The temple authorities indulged in what attorney Chitoor terms as "legal chickenry," when it told the court in the current Venigalla vs. Alagappan case that the temple was a "no member" organization. It produced records purportedly showing a total of two members each in 1995 and 1996, and 14 in 1997.
The temple's Board has allegedly 'revised' the bylaws "unilaterally" to perpetuate themselves in office (including appointing some of themselves as 'Life Trustees'), arrogating to themselves increasing power over the Society's affairs and management, and excluding members' participation, the petitioners said.
The petitioners said, in separate interviews with India Tribune, that they collected 700 signatures in favor of holding elections in 1999. Later, they said the Board refused their request to disclose financial accounts or the registrar of members. The New York Attorney General's office finally intervened in favor of the petitioners, they added."
All efforts to bring transparency and democracy into the temple operation were thwarted. In turn, the temple Trustees slowly eroded the membership rights and in 2001 amended the bylaws so as to give spectator status to the members," said Chittur.
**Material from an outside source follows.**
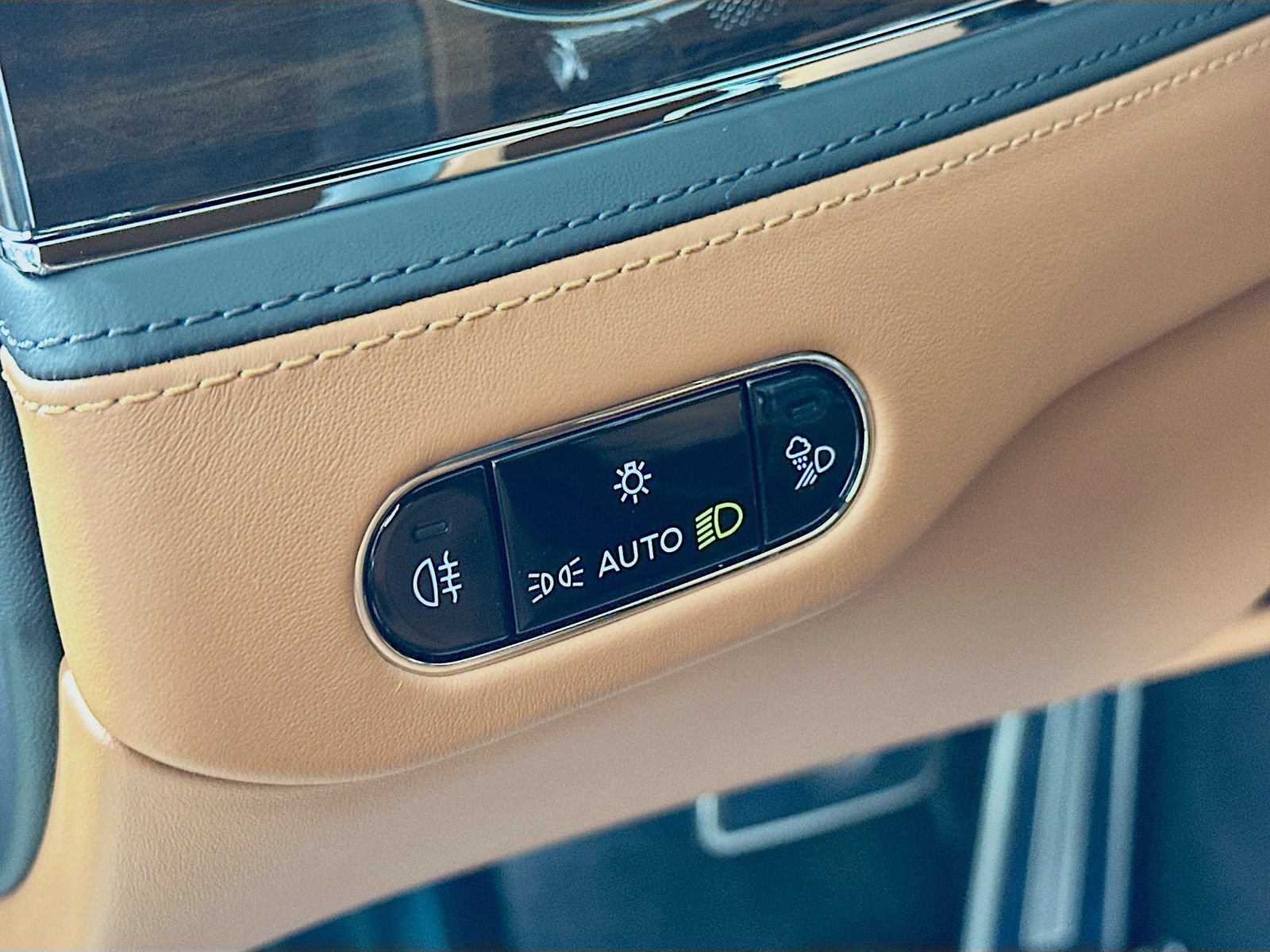 Used 2022 Bentley Flying Spur V8 AWD/4WD image 10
Mysorekar, who is accused of road rolling other members' opinion and who runs the temple with an iron fist, dismissed the allegations of a lack of transparence or accountability in the temple management. "Its not a political office we are holding. If this was a salaried office, they have a right to blame. But ours is a voluntary service to the God. Anybody can become the temple trustee, provided he or she picks up the broom and serves the God," she said.
The petitioners say they resorted to the courts as the last resort. They further assert that their stand were vindicated when the Queens Supreme Court said the bylaw amendments made from 1978 to 2002 were invalid for two reasons: first, they deprived all members of voting rights and second, New York law limited the size of the board to seven, whereas the temple board had 19 trustees.
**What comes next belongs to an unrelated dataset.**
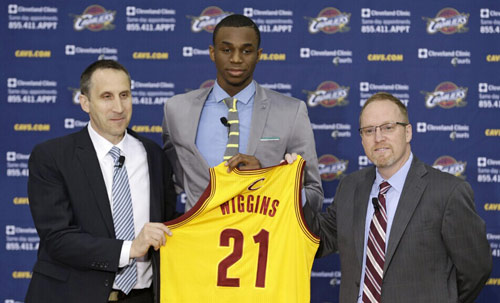 对乌迪内斯 对乌迪内斯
Meanwhile, the Board amended the by-laws once again. The 19 trustees apparently decided amongst themselves - with no notice to anyone else - on which seven of them will stay and which 12 will go in order to comply with the Queens Supreme Court order. In addition, the Board eliminated all membership rights of everyone other than themselves, amending the bylaws to provide simply that trustees, i.e. respondents, were the only members of the Society. Those amendments led once again to another legal proceeding, which was filed by V M Gandhi of New York Gold and is pending before the Supreme court in Queens.
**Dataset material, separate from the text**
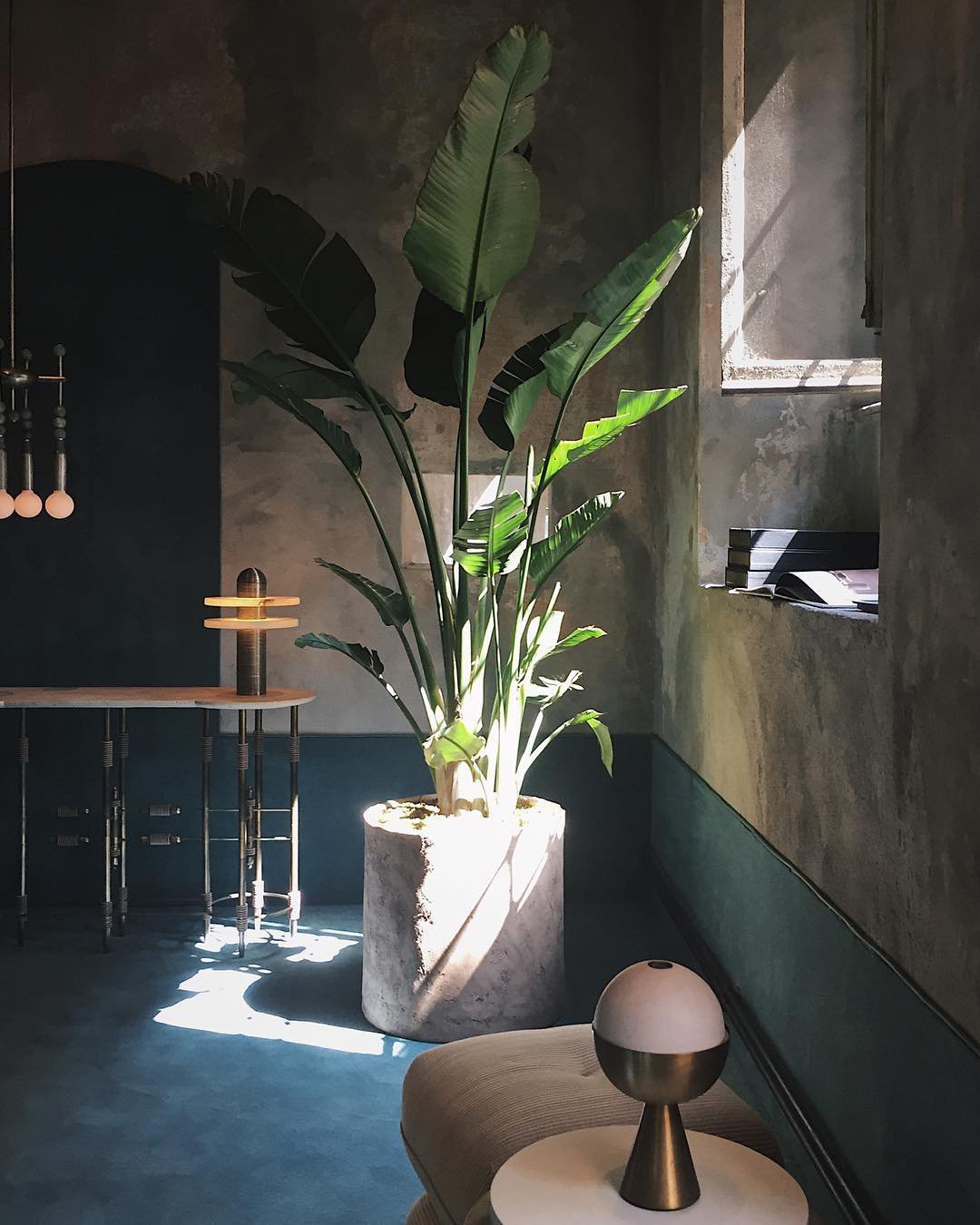 Alabaster Comet Table Lamp | Metal & Alabaster | White, Gold or Black Finish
On appeal, the Second Department held that the 1970 bylaws, whose copies were obtained from the Internal Revenue Service by the petitioners, had never been lawfully amended. "It is undisputed that since the adoption of the 1970 bylaws, the Boar of Trustees, acting alone purported to adopt and amend subsequent by-laws beginning in 1978 and continuing through 2002. There is no evidence in the record that the required procedures were ever followed to amend the 1970 by-laws," the order stated.
Chittur said this landmark decision would set a precedent for all the temples in the US to observe the laws more carefully. And, the laws are clear that members have voting rights. "Members should no longer be ignored? its as simple as that," he quipped.
Brushing aside the court judgement as "least of our problems," Mysorekar said, "Our most important goal is to grow this institution (Ganesha temple) as a place of worship, culture and philosophy-not to make it a piece of museum."